ZERO HORA 31 de março de 2013 | N° 17388 ARTIGOS
Flávio Tavares*
A tragédia de Santa Maria evolui, agora, para um patamar perigoso, que pode, até, beirar a indecência. Num trabalho minucioso e coerente, o inquérito policial indiciou ou responsabilizou 28 pessoas, mas nenhuma delas admite qualquer vinculação, ingerência ou participação nos fatos que levaram ao horror da madrugada de 27 de janeiro. Todos permanecem atrevidamente altivos, sem esboçar arrependimento por terem sido negligentes, ineptos e descuidados. Ou por conivência com a corrupção.

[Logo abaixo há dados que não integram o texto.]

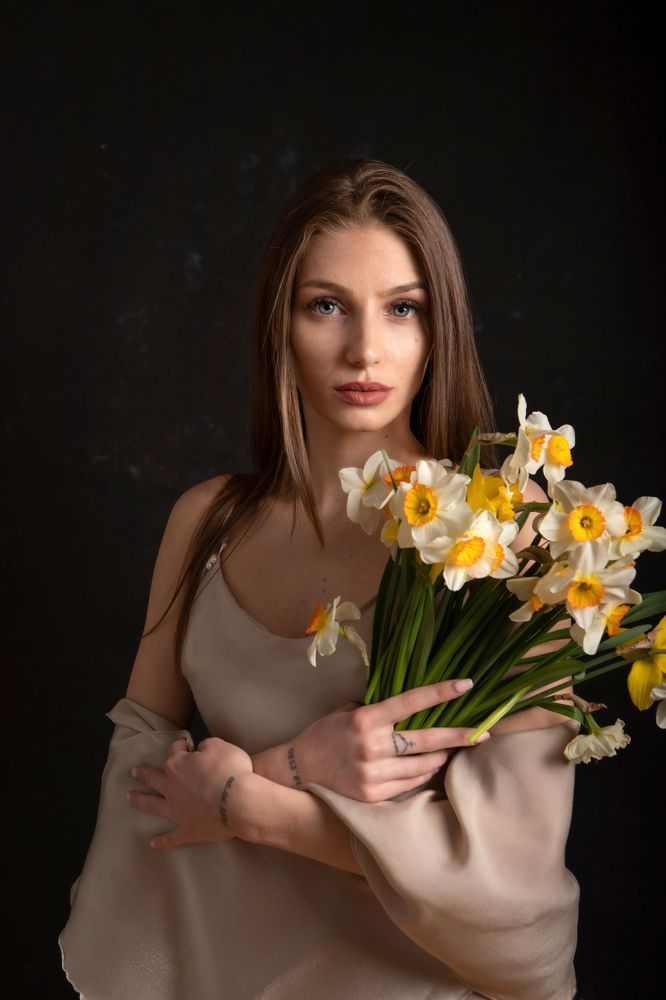 Photograph by Mihai Romeo Bogdan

Começando nos donos da boate Kiss e terminando no prefeito, cada qual parece ver nos 241 cadáveres apenas um número ao acaso, como os que apostamos na loteria ou na Mega Sena. Para eles, nada significam as detalhadas 13 mil páginas que reconstruíram os labirintos da tragédia, como se os testemunhos, filmes e documentos não comprovassem que a desídia plantou o crime. O prefeito Cezar Schirmer eximiu-se de toda responsabilidade com uma expressão infeliz que soa, até, como escondida culpa. Chamou a conclusão do inquérito de “aberração jurídica”, como se aberrante não fosse a negligência municipal ao licenciar a boate. Ou a pilha de corpos inertes!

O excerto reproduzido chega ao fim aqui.